UNITED STATES
SECURITIES AND EXCHANGE COMMISSION
Washington, D.C. 20549
 

 
FORM 10-Q/A
(Amendment No. 2)

(Mark one)
x Quarterly Report Pursuant to Section 13 or 15(d) of the Securities Exchange Act of 1934
 
For the quarterly period ended March 31, 2009

or

o Transition Report Pursuant to Section 13 or 15(d) of the Securities Exchange Act of 1934
 
For the transition period from _________ to _________.
 
Commission File Number:
333-69270
 

 
DIGUANG INTERNATIONAL DEVELOPMENT CO., LTD.
(Formerly known as Online Processing, Inc.)  
(Exact Name of Registrant as Specified in Its Charter)
 

 
Nevada
 
22-3774845
(State or Other Jurisdiction of Incorporation or
Organization)
 
(IRS Employer Identification Number)
 
23rd Floor, Building A, Galaxy Century,
No. 3069, Caitian Road, Futian District,
Shenzhen, the PRC
Post Code: 518026
 (Address of Principal Executive Offices)

00-86-755-2655-3152
(Registrant’s Telephone Number, Including Area Code)

Online Processing, Inc.
750 East Interstate 30
Suite 100
Rockwall, TX 75087
(Former Name, Former Address and Former Fiscal Year, if Changed Since Last Report)

Indicate by check mark whether the registrant (1) has filed all reports required to be filed by Section 13 or 15(d) of the Exchange Act of 1934 during the preceding 12 months (or for such shorter period that the registrant was required to file such reports), and (2) has been subject to such filing requirements for the past 90 days.

Yes x No o

Indicate by check mark whether the registrant has submitted electronically and posted on its corporate Web site, if any, every Interactive Data File required to be submitted and posted pursuant to Rule 405 of Regulation S-T (§232.405 of this chapter) during the preceding 12 months (or for such shorter period that the registrant was required to submit and post such files).

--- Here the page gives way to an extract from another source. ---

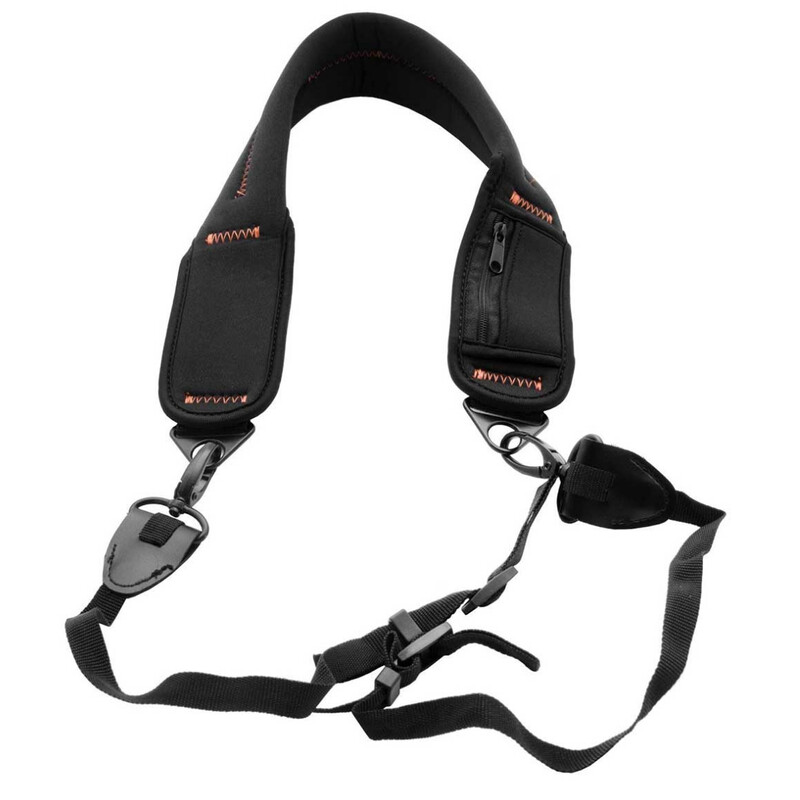 TS Optics Curea din neopren 140 cm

Yes o No o

Indicate by check mark whether the registrant is a large accelerated filer, an accelerated filer, a non-accelerated filer, or a smaller reporting company. See the definitions of “large accelerated filer,” “accelerated filer” and “smaller reporting company” in Rule 12b-2 of the Exchange Act.
 
Large accelerated filer  o  
 
Accelerated filer o
Non-accelerated filer  o
(Do not check if a smaller reporting company)
 
Smaller reporting company  x
 
Indicate by check mark whether the registrant is a shell company (as defined in Rule 12b-2 of the Exchange Act).
 
Yes o No x
 
As of March 31, 2009, the Company had 22,072,000 shares of common stock issued and outstanding.
 
 
 

 
 
EXPLANATORY NOTE
 
This Amendment No. 2 on Form 10-Q/A, the “Amendment No. 2”, amends the Company’s Quarterly Report on Form 10-Q for the first quarter ended March 31, 2009, as filed with the Securities and Exchange Commission, the “SEC”, on May 15, 2009, as amended by the Company’s Form 10-Q/A No. 1 as filed with the SEC on June 25, 2009, the “Original Filing”, and is being filed for the sole purpose to include a revised Item 4T of Part I discussing the Company’s (i) disclosure controls and procedures and (ii) internal control over financial reporting.

In connection with the filing of this Amendment No. 2, and as required by Rule 12b-15 of the Securities Exchange Act of 1934, the Company is also filing as exhibits to this Amendment No. 2 the certifications pursuant to Rule 13a-14(a). Because no financial statements are contained within this Amendment No. 2, the Company is not including those parts of the Rule 13a-14(a) certifications pertaining to financial statements and is not including certifications pursuant to Rule 13a-14(b) (18 U.S.C. §1350).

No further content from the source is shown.